Blog data delays

Incident Report for Twingly

Postmortem

We have been in the process of upgrading our main MySQL servers from FreeBSD 10.3 to 11.1. First we started with our secondary server, which was verified to work as expected in its current role (replication and read-only queries). There was a slight hiccup after the upgrade completed, in that our database ZFS pool wasn't mounted automatically. This turned out to be more problematic than we initially thought.

On 2018-04-24 we set out to switch to the upgraded server as our primary MySQL server, thereby handling all the writes.

The switch in itself went fine, but shortly thereafter, we were alerted by our monitoring of an unusual amount of documents on DLQ. We quickly found out that the reason for this was exceptions from our service writing documents to MySQL.

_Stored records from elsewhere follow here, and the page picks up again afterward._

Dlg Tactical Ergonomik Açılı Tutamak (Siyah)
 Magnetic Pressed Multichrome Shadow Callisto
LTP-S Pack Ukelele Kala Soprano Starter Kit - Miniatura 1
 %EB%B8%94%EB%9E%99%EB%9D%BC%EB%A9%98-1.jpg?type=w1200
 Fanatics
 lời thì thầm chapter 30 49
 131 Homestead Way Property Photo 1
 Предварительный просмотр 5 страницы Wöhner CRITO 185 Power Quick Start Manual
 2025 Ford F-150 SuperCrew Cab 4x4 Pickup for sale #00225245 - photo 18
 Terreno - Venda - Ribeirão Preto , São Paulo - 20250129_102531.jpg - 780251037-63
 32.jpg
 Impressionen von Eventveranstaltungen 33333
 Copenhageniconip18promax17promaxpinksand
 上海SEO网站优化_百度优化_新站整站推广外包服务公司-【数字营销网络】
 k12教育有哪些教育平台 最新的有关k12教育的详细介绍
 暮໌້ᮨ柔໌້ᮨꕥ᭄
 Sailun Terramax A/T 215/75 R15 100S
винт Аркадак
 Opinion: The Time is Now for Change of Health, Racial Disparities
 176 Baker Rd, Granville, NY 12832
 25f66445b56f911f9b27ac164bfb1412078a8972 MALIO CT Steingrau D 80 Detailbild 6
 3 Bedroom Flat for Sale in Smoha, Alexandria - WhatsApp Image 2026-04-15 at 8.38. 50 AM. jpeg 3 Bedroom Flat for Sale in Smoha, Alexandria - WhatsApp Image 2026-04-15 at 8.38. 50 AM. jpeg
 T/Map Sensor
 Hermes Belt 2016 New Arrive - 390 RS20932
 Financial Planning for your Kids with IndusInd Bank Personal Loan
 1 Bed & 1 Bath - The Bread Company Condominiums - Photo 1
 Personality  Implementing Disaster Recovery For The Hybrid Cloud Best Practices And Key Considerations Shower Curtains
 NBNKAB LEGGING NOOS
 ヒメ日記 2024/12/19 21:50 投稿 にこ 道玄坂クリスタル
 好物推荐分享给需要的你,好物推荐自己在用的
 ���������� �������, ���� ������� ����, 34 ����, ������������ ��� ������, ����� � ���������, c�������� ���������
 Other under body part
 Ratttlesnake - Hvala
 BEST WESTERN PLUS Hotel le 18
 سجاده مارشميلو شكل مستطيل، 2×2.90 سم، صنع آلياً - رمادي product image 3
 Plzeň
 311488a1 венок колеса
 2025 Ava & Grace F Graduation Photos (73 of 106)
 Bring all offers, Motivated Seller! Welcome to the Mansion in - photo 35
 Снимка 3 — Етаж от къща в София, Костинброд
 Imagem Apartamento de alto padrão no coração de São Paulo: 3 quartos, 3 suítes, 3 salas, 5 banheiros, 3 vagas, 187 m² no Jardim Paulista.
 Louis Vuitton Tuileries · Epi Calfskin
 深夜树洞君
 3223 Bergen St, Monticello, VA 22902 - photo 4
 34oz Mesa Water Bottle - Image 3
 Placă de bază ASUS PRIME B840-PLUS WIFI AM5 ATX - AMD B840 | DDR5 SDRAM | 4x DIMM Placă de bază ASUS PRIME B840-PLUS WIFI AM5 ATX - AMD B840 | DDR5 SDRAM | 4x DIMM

Further investigation showed that the new MySQL primary wasn't configured with the correct sql_mode, causing writes to fail. The problem stemmed from our earlier problem with the missing ZFS pool. When FreeBSD started MySQL on that boot, it could not find the MySQL datadir, therefore it ran mysql_install_db, which created an MySQL options file with an sql_mode value different from the default value.

The issue did not manifest itself in our integration tests and required production write traffic to hit the database.

To ensure this does not happen again, we have explicitly defined sql_mode in our ordinary options file, and included additional tasks in our deployment playbooks to ensure only our config file exist.

Posted May 11, 2018 - 12:19 CEST

Resolved

The issue has been resolved and the blog data ingestion system is running at full speed.

Posted Apr 24, 2018 - 19:10 CEST

Identified

There are currently some delays in our blog data delivery. We are working on solving the issue and will update this incident as soon as we know more.

Posted Apr 24, 2018 - 18:08 CEST

This incident affected: Blog Search API v3, Blog LiveFeed API v5, and Blog Data collection.